• Exercise
One range is to be output from the listing below, exactly as written: the line with "Guyana y Venezuela" to the line with "1010 Stewart Ave, Henderson, KY", both kept.

• Data in this exercise
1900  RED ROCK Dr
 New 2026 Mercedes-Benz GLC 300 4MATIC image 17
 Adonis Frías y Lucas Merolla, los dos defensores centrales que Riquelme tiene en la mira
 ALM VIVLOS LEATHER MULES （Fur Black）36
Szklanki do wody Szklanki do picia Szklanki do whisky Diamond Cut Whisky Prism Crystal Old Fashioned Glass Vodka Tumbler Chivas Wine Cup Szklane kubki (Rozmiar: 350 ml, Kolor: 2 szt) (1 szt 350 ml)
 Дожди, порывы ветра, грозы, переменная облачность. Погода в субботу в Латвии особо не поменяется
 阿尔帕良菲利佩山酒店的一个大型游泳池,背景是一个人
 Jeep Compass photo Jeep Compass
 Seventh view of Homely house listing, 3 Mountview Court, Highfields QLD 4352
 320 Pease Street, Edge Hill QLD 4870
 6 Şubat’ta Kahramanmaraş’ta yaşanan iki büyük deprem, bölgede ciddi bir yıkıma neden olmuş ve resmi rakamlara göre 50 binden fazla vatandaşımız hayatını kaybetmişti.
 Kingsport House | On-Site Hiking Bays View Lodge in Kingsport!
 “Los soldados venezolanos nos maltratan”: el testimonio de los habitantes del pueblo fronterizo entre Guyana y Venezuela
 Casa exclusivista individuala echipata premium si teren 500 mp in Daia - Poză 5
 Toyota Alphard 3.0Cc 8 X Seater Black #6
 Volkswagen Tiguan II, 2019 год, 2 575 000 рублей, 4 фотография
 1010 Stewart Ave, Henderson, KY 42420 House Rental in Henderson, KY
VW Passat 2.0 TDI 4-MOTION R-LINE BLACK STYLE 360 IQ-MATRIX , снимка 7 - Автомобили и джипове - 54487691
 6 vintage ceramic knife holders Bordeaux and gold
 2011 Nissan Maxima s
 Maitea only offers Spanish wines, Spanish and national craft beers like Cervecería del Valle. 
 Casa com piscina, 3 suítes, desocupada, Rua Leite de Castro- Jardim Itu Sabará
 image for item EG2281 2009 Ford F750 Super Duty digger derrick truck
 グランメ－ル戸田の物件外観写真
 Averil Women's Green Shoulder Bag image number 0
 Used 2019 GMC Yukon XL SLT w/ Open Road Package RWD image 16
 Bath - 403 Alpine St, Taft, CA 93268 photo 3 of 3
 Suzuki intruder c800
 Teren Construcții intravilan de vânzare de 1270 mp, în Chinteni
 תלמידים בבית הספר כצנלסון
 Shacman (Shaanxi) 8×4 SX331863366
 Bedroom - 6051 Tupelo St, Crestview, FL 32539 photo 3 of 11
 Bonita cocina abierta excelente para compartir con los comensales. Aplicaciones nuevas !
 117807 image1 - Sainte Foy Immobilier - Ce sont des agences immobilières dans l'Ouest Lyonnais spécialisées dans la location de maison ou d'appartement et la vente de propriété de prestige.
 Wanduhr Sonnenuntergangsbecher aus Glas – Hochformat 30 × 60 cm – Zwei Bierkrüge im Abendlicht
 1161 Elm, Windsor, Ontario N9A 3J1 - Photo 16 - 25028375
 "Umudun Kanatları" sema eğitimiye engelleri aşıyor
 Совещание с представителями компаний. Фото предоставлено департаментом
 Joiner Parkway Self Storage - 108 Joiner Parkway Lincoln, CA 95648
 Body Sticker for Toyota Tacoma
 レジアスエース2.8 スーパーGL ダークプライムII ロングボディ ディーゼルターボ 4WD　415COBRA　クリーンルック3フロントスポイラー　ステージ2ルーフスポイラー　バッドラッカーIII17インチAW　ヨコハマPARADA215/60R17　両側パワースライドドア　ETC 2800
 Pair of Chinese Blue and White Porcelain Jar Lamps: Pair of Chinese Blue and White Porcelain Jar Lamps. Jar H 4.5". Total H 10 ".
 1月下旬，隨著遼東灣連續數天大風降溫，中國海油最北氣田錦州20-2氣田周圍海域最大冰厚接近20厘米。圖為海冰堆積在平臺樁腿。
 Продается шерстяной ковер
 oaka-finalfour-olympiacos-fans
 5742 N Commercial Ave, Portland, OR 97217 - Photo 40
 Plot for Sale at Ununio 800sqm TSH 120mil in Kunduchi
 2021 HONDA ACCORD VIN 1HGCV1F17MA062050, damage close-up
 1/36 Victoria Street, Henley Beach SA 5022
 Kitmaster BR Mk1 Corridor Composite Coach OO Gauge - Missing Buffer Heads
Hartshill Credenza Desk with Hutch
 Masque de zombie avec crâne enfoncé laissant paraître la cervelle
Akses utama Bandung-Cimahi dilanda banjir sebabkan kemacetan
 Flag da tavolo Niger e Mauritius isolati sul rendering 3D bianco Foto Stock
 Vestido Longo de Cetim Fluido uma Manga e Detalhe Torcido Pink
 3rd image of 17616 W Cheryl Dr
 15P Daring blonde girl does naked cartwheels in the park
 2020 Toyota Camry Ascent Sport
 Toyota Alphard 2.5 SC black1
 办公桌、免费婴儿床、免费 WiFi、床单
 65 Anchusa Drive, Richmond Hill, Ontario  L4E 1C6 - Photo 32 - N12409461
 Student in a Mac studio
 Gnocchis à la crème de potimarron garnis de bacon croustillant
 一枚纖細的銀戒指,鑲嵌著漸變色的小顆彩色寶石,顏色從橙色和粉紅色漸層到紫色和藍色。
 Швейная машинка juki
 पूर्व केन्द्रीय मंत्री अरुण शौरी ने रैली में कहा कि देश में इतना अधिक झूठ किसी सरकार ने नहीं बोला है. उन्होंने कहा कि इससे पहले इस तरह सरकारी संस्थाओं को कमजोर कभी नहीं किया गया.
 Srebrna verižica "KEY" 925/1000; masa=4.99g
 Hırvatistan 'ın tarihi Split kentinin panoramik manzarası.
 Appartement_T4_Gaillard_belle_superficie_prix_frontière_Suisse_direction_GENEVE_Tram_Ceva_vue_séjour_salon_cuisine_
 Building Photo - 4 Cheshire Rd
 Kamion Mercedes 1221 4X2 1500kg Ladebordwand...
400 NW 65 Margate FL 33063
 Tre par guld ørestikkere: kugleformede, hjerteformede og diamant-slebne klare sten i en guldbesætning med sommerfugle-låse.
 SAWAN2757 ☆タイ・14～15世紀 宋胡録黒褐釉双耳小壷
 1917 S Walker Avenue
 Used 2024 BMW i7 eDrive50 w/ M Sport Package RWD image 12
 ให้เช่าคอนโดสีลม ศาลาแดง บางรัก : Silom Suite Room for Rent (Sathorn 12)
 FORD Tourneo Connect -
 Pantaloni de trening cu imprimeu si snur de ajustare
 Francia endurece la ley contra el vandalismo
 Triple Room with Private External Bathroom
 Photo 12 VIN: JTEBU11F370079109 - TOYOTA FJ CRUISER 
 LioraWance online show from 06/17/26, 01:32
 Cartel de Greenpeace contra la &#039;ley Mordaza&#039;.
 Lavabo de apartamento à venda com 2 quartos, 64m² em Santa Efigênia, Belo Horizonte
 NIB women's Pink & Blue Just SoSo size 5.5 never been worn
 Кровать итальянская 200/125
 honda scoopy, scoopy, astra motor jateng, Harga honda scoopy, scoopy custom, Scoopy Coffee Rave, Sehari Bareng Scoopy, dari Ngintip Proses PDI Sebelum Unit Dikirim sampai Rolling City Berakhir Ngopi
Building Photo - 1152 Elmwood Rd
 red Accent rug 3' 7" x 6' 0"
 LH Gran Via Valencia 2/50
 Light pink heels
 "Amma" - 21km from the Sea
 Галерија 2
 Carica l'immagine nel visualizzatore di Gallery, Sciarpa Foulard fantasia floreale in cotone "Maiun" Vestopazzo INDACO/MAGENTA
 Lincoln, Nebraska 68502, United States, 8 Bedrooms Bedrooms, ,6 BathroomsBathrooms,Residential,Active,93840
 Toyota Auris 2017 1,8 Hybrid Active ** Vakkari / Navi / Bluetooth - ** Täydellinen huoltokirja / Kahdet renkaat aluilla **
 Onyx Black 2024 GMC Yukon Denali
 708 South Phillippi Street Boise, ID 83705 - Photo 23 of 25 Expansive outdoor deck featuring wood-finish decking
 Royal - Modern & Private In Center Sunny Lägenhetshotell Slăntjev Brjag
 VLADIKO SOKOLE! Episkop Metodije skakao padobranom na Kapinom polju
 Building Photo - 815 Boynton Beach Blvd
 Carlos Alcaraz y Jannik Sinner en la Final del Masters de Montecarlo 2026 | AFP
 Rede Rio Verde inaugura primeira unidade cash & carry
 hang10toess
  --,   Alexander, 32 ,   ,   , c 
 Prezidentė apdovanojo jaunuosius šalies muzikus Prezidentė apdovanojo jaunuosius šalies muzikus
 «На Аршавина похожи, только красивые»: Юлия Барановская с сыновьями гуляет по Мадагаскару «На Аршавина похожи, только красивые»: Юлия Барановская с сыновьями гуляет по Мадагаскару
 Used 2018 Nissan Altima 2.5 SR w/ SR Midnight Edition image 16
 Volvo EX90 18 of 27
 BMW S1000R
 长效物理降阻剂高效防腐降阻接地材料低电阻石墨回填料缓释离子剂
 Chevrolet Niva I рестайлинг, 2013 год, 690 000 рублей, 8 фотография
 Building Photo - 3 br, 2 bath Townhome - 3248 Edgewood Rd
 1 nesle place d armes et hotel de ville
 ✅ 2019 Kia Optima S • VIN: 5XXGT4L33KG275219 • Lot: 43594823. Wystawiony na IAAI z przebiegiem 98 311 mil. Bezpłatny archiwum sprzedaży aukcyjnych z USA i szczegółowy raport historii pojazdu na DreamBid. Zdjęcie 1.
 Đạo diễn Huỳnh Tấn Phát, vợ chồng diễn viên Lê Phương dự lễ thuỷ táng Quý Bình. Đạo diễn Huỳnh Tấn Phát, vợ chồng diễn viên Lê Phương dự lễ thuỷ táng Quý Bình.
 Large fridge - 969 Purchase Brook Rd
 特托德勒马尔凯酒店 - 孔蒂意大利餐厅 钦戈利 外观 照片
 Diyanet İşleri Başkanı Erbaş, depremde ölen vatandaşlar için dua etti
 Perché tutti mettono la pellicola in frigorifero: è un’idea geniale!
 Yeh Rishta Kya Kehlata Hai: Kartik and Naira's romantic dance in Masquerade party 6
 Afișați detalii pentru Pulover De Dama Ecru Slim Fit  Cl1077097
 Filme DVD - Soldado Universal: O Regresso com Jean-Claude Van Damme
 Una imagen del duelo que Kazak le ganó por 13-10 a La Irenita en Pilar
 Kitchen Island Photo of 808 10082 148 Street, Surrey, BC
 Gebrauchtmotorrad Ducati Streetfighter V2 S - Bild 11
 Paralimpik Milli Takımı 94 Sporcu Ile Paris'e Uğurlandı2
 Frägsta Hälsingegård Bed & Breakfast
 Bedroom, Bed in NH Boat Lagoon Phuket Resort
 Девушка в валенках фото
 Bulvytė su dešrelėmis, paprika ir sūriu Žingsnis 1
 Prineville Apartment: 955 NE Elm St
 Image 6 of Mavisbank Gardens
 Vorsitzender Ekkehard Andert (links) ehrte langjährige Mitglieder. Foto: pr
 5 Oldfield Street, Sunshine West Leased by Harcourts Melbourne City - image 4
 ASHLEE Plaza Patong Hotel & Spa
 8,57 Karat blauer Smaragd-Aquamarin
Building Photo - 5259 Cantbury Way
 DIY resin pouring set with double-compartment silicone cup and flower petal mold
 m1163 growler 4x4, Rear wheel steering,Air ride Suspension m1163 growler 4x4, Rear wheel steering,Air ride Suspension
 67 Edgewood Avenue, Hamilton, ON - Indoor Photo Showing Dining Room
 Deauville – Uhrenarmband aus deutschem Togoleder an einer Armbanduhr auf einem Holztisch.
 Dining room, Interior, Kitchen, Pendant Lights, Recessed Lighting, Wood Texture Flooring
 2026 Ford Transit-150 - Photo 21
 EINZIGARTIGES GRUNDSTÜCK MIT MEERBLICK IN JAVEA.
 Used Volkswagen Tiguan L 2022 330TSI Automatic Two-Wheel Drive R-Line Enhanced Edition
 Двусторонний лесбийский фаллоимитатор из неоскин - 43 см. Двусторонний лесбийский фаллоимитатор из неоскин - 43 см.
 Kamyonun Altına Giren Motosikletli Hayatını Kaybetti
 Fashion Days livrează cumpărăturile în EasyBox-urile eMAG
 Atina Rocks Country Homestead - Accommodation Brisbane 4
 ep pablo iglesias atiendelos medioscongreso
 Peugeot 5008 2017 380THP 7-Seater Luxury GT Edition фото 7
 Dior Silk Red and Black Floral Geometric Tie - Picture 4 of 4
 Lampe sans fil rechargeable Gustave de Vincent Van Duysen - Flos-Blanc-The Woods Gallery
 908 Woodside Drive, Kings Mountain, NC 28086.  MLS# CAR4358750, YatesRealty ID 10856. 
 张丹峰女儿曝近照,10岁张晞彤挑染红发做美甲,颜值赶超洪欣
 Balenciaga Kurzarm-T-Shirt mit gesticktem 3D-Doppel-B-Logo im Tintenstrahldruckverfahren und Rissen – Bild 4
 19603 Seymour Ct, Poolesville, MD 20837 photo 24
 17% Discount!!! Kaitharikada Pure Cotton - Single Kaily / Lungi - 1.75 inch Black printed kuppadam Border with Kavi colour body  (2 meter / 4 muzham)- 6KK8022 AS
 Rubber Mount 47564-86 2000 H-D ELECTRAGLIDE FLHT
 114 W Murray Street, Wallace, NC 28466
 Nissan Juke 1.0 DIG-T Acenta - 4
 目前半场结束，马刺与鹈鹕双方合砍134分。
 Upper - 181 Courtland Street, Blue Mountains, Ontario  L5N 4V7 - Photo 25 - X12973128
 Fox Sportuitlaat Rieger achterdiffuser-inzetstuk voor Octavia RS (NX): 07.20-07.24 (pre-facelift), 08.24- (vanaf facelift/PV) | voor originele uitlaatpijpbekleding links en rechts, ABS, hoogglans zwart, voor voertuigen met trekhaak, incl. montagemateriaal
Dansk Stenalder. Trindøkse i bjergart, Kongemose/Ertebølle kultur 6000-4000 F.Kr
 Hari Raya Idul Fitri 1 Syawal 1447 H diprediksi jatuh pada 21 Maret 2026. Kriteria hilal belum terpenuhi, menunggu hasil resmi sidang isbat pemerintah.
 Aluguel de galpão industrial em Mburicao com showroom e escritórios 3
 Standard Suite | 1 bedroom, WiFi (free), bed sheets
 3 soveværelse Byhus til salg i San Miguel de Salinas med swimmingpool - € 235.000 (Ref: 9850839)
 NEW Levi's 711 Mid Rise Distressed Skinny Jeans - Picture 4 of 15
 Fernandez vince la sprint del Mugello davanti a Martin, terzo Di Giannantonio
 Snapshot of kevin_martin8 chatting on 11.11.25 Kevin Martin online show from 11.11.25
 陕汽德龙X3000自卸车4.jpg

• Response area
 “Los soldados venezolanos nos maltratan”: el testimonio de los habitantes del pueblo fronterizo entre Guyana y Venezuela
 Casa exclusivista individuala echipata premium si teren 500 mp in Daia - Poză 5
 Toyota Alphard 3.0Cc 8 X Seater Black #6
 Volkswagen Tiguan II, 2019 год, 2 575 000 рублей, 4 фотография
 1010 Stewart Ave, Henderson, KY 42420 House Rental in Henderson, KY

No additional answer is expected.